Happily — as Cooperberg and colleagues demonstrate — in enlightened practices, this situation is starting to change. Among CaPSURE sites, 40% of patients at lowest risk for progression, and 70% of those aged 75 or older, were managed by surveillance between 2010 and 2103. Similar progress also has been reported by other groups, notably the Michigan Urological Surgery Improvement Collaborative, which recently reported a 49% use of surveillance among participating urology practices.
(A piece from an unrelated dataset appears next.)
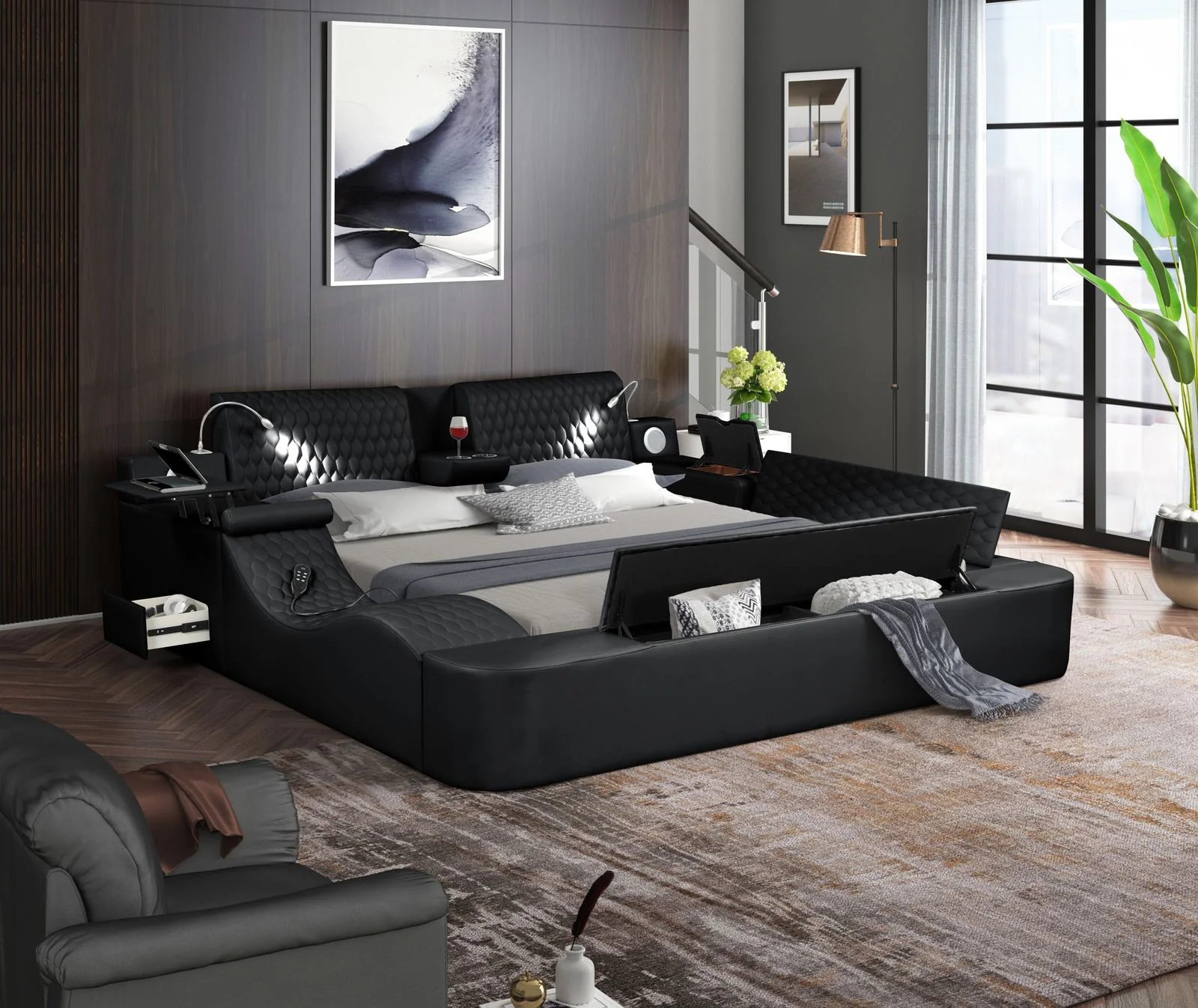 Zoya Queen Bed Black - Image 2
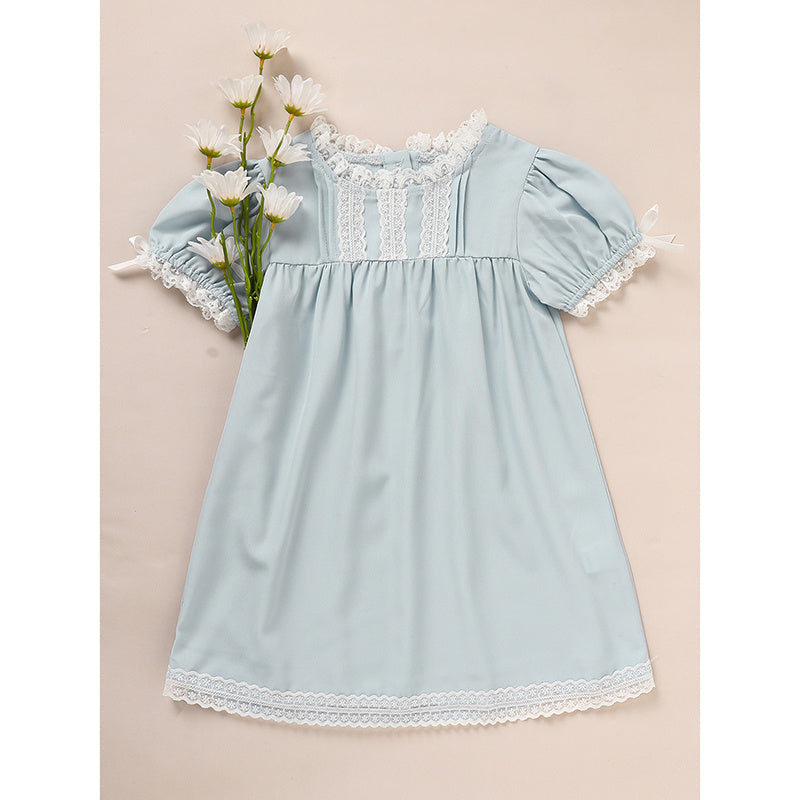Toddler Girl Summer Princess Party Dress – Lace Puff Sleeve Outfit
A number of new tools adjunctive to biopsy are now on the market — including multiparametric MRI and genomic profiling — and early data suggest that their use improves patient selection and monitoring and increases the use of surveillance.
We have come full circle from the early PSA era, where the goal was to find and treat every prostate cancer. In 2016, the old goals should be supplanted by the goals of treating only those cancers that have lethal potential, and managing all others by active surveillance.
References:
Badani KK, et al. BJU Int. 2015;doi:10.1111/bju.12789.Klotz L, et al. J Clin Oncol. 2014;doi:10.1200/JCO.2014.55.1192.
Maurice MJ, et al. JAMA Intern Med. 2015;doi:10.1001/jamainternmed.2015.2835.
Tosoian JJ, et al. J Clin Oncol. 2015;doi:10.1200/JCO.2015.62.5764.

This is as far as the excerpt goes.